● **Activity**: Could you output the listing that follows exactly, without its images?

● **Data segment**:

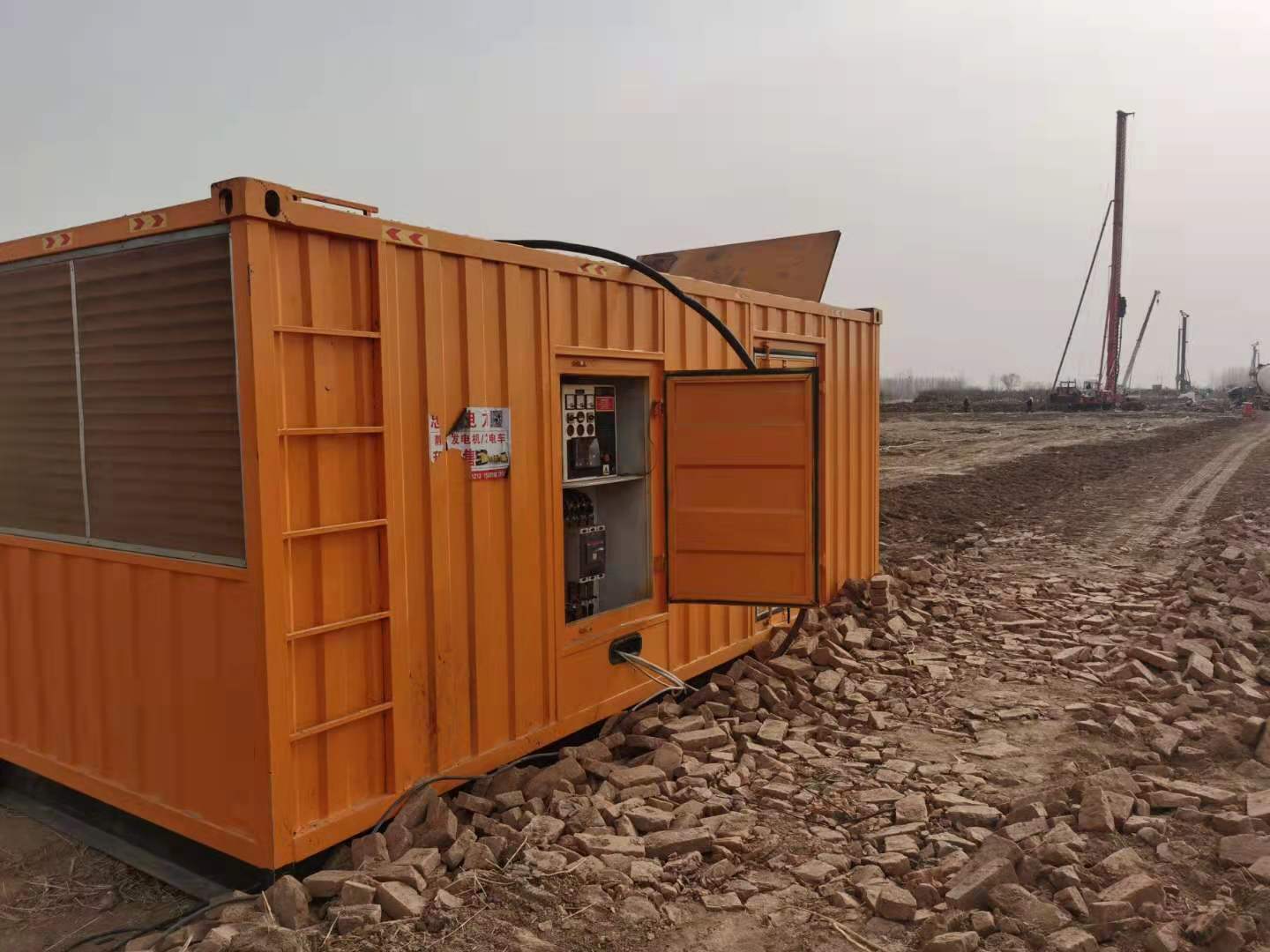 平阳发电车租赁-柴油发电机组的安装须知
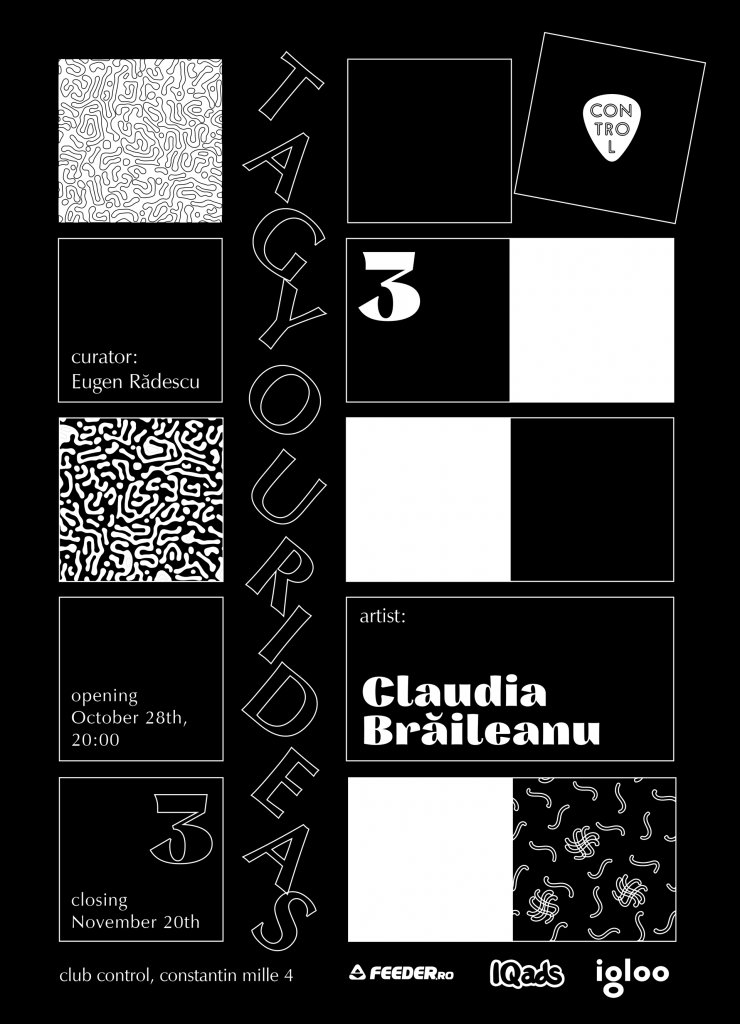 Claudia Brăileanu, la TAG YOUR IDEAS în Club Control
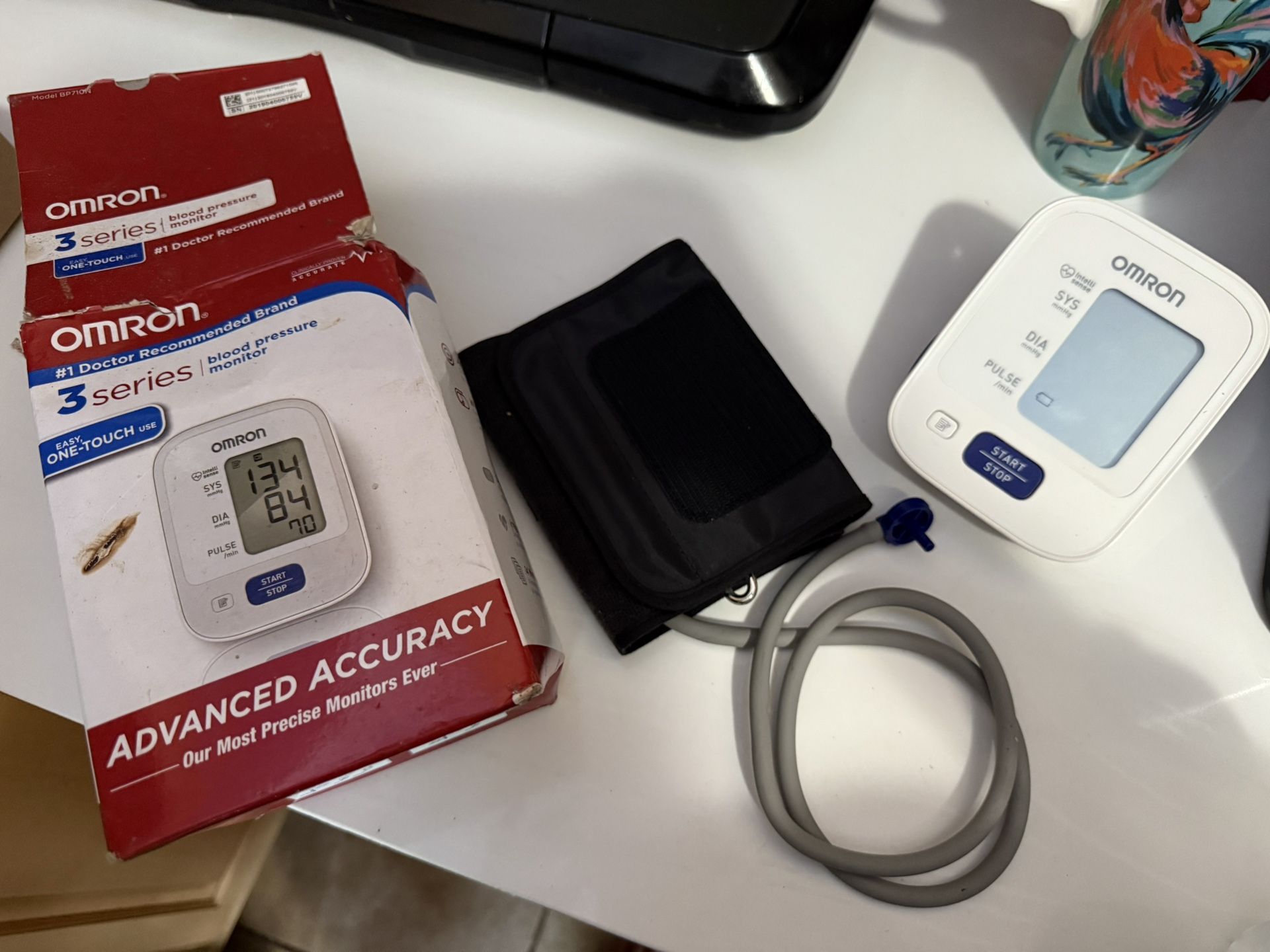 Blood Pressure Monitor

● **Completed task**:
 平阳发电车租赁-柴油发电机组的安装须知
 Claudia Brăileanu, la TAG YOUR IDEAS în Club Control
 Blood Pressure Monitor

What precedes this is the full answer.